_GOAL OF THE EXERCISE_. Repeat the listing below verbatim, without its images.

_STORED DATA_.
+ + +

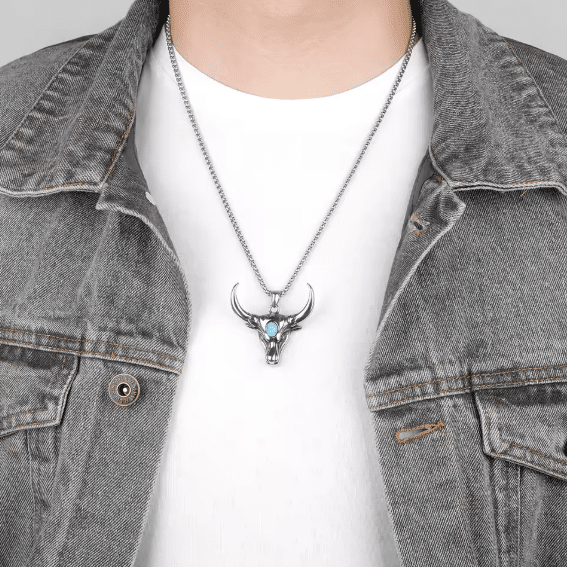 Collier cowboy argenté taureau turquoise acier inoxydable (2)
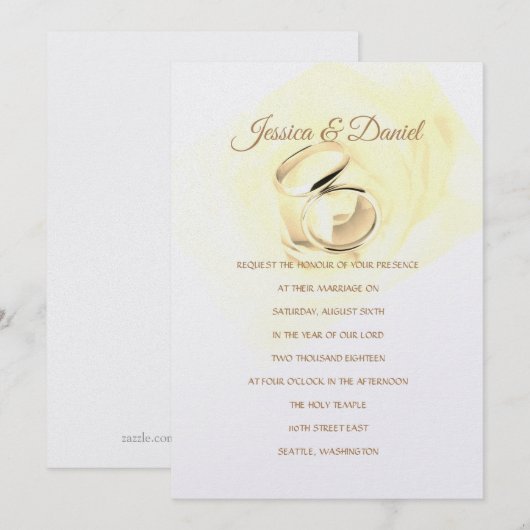 Temple Faire-part de mariage (Devant / Derrière)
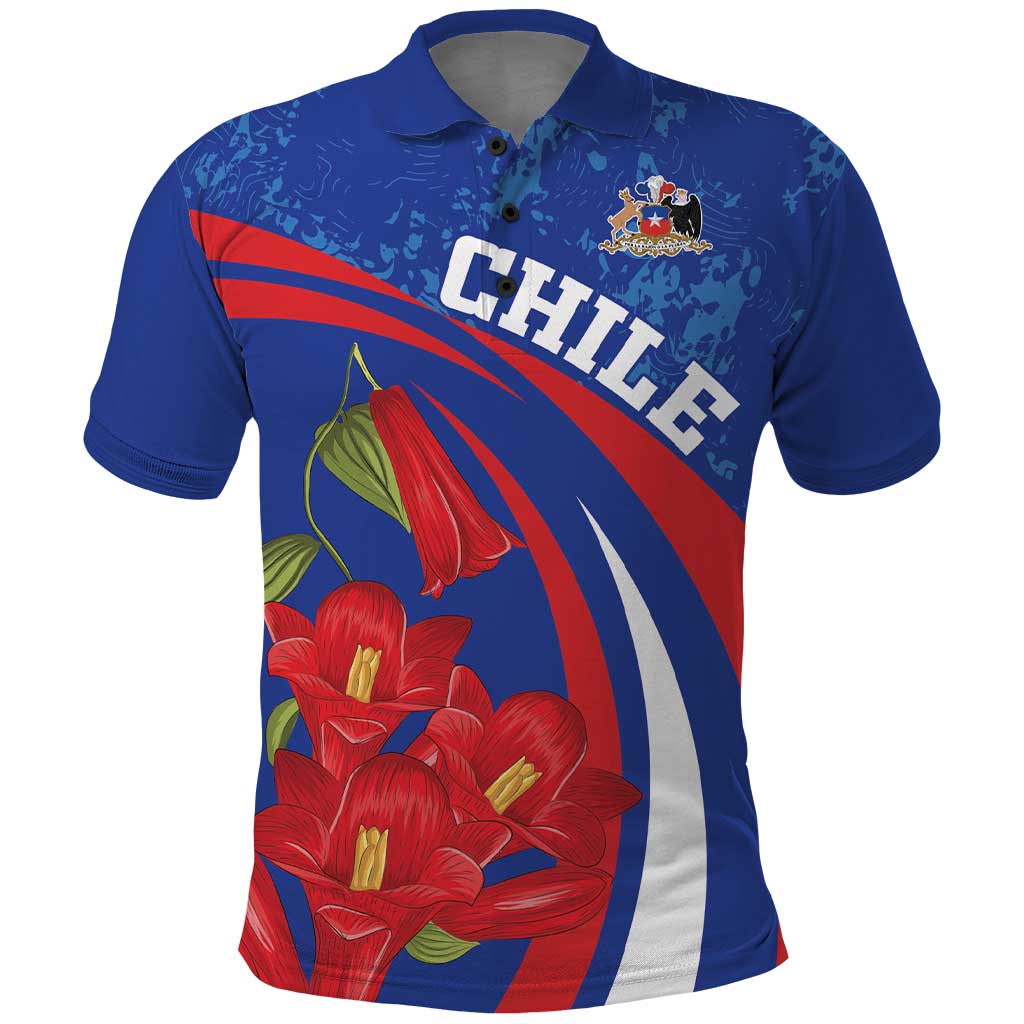 Custom Chile Lapageria Polo Shirt With Grunge Style - Wonder Print Shop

+ + +

_TASK RESULT_.
 Collier cowboy argenté taureau turquoise acier inoxydable (2)
 Temple Faire-part de mariage (Devant / Derrière)
 Custom Chile Lapageria Polo Shirt With Grunge Style - Wonder Print Shop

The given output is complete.